(Beginning of SOURCE MATERIAL)
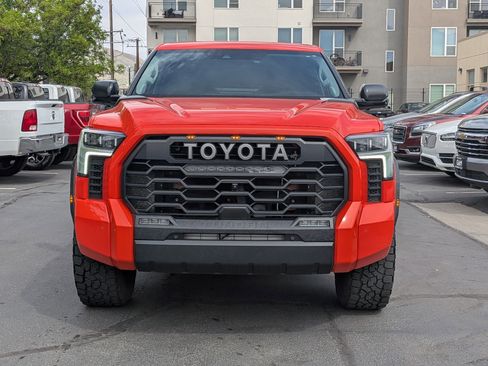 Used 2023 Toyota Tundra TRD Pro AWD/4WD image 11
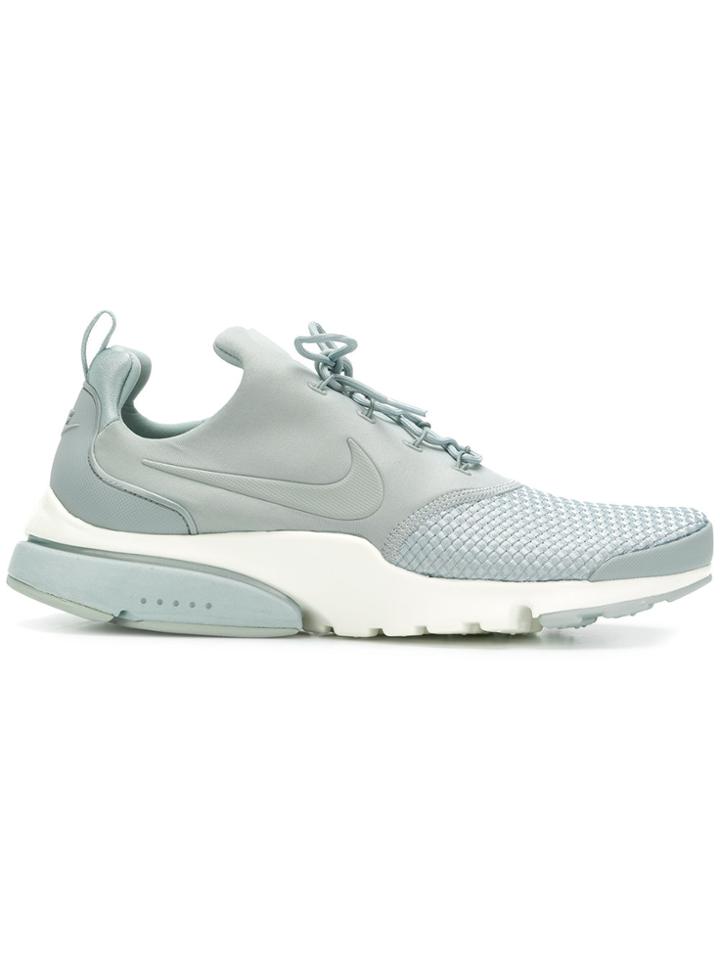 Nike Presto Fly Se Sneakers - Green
(End of SOURCE MATERIAL)
(Beginning of SOURCE MATERIAL)
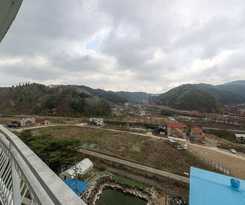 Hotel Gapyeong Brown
(End of SOURCE MATERIAL)
§ TASK PROMPT
Starting with the line that has "Used 2023 Toyota" and ending with the line that has "Nike Presto Fly Se Sneakers - Green", repeat the lines above exactly, omitting every picture.

§ ANSWER BOX
 Used 2023 Toyota Tundra TRD Pro AWD/4WD image 11
 Nike Presto Fly Se Sneakers - Green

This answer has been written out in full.